Créditos: Nota de Política Econômica - Centro de Pesquisa em macroeconomia das desigualdades (FEA - USP)

Em 2024, foi sancionada, pelo presidente Lula, a Política Nacional de Cuidados (Lei 15.069/2024), a fim de promover a inclusão social, o trabalho decente e a integração de políticas públicas em áreas dedicadas ao cuidado — na saúde, na assistência social, na educação e no trabalho doméstico não remunerado.

Entre suas atribuições, a lei previa a elaboração de um "plano nacional de cuidados", com metas e indicadores acerca de como se organiza socialmente a prática do cuidado e do trabalho de cuidado não remunerado, que é assumido principalmente por mulheres.

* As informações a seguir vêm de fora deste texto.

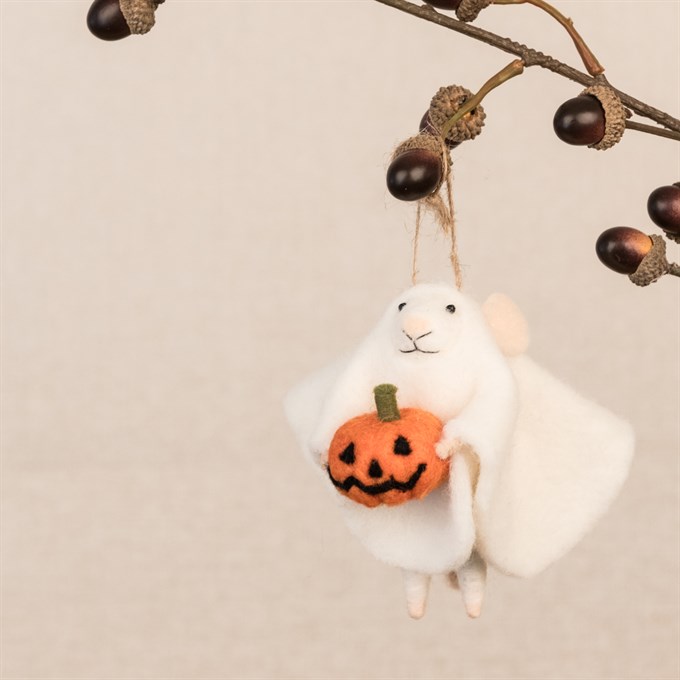 Felt Mouse Ghost Hanging Decoration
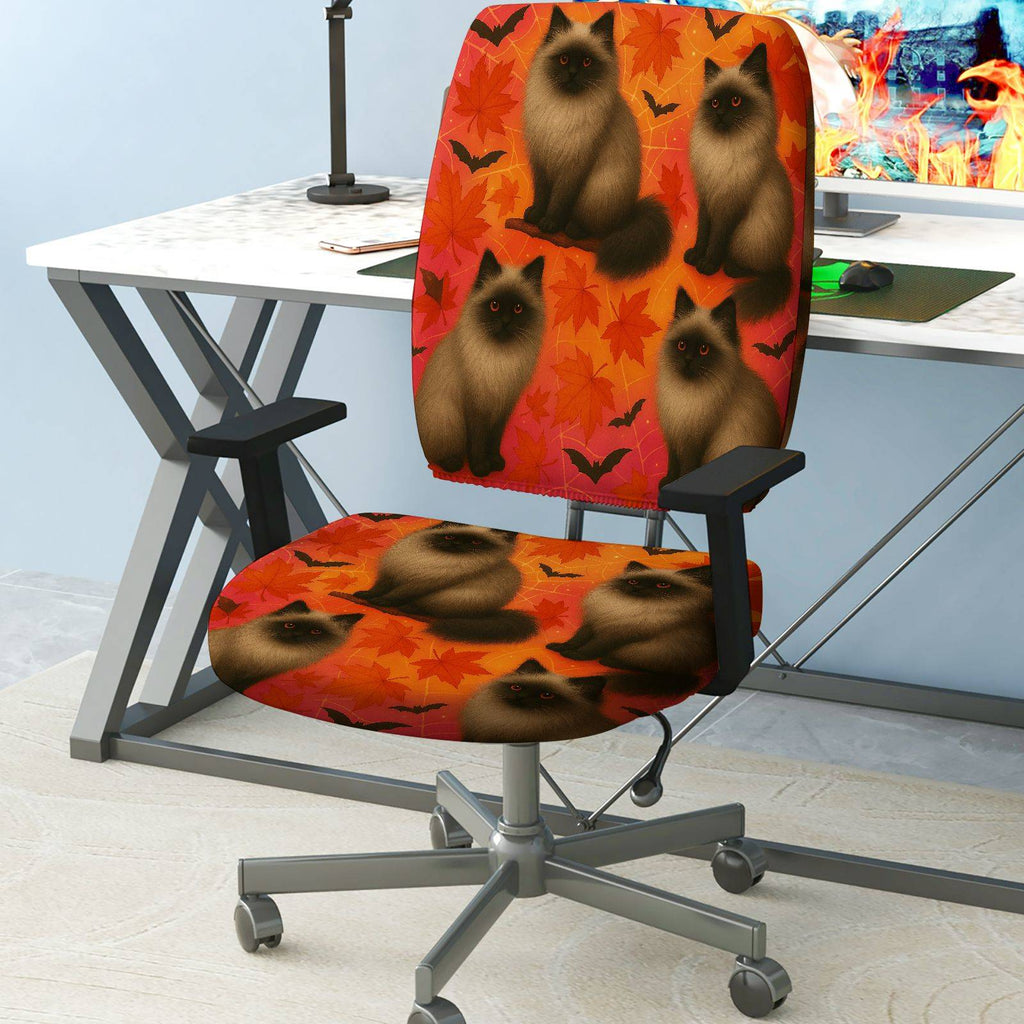 2-Piece Autumn Cat Halloween Bat Leaf  Computer Chair Cover Set, Seat and Backrest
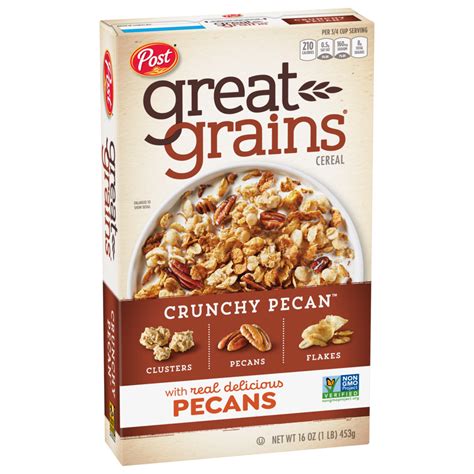How much fat is in great grains - crunchy pecans - calories, carbs, nutrition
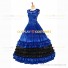 18th Century Vintage Ruffles Brocaded Sleeveless Gown Dark Blue Dress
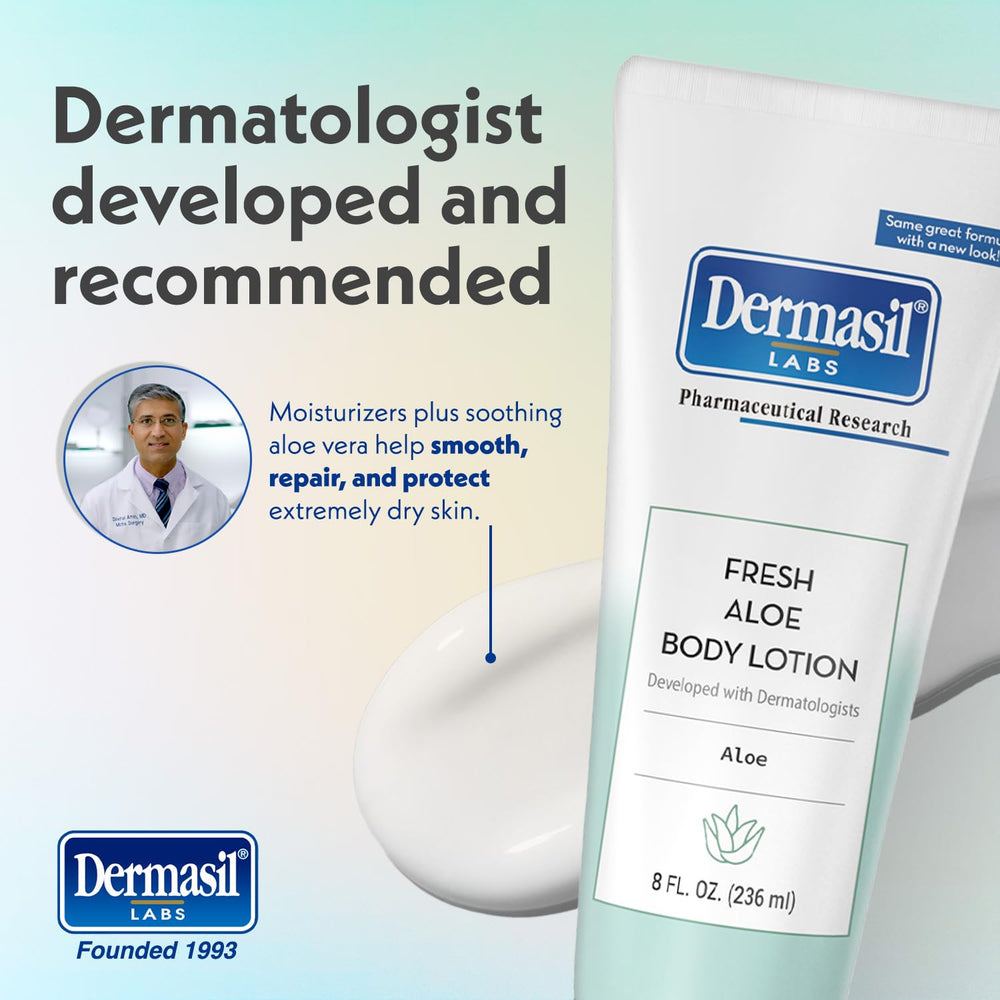 Dermasil lotion fast-absorbing formula depicted for easy morning routines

Algumas das iniciativas do plano incluíam a redução da sobrecarga de trabalho doméstico, a fim de combater a pobreza de tempo, com a instituição de serviços públicos de apoio — como creches, escolas em tempo integral e centros de atendimento para idosos e pessoas com deficiência —, além de iniciativas de formação e qualificação para os "cuidadores não remunerados".

Apesar disso, pesquisas realizadas pelo FEA - USP mostram que "os dados [sobre pobreza de tempo] costumam ser raros e, muitas vezes, incorretos". 

"Muitos países ainda não implementaram pesquisas independentes de uso do tempo, e este é também o caso do Brasil", diz o relatório do FEA.

Alguns empecilhos em que as pesquisas esbarram são o analfabetismo dos entrevistados — bem como a falta de treinamento dos entrevistadores —, a falta de tempo ou de disposição, e a inexistência de um relatório metodológico sobre as pesquisas domiciliares que pautam o uso do tempo.

Além disso, o cuidado de pessoas enfermas, idosos e pessoas com deficiência não costuma ser levado em consideração nessas pesquisas, nem outras atividades domésticas relevantes, como reparos e manutenção, organização do domicílio, compras e atividades não remuneradas em outros domicílios, afirma o documento. 

De acordo com dados da PNADc (Pesquisa Nacional de Domicílios), 38,8% das mulheres não procuram trabalho ou não estão disponíveis para trabalhar por pobreza de tempo: por dedicar-se a afazeres domésticos e a atividades de cuidado de pessoas.

Créditos: Nota de Política Econômica - Centro de Pesquisa em macroeconomia das desigualdades (FEA - USP)

"Embora contenha informações valiosas a respeito do tempo despendido em atividades de cuidado em um sentido amplo (isto é, considerando o cuidado de pessoas e os afazeres domésticos), a PNADc ainda é insuficiente para atender às demandas por um maior nível de detalhamento", prossegue o relatório, “[que] não só capaz de identificar o tempo gasto em cada atividade específica, como lavar a roupa, cuidar das crianças, cozinhar, entre outras, mas também capaz de fornecer estatísticas mais precisas a respeito do volume total de horas despendidas com essas atividades".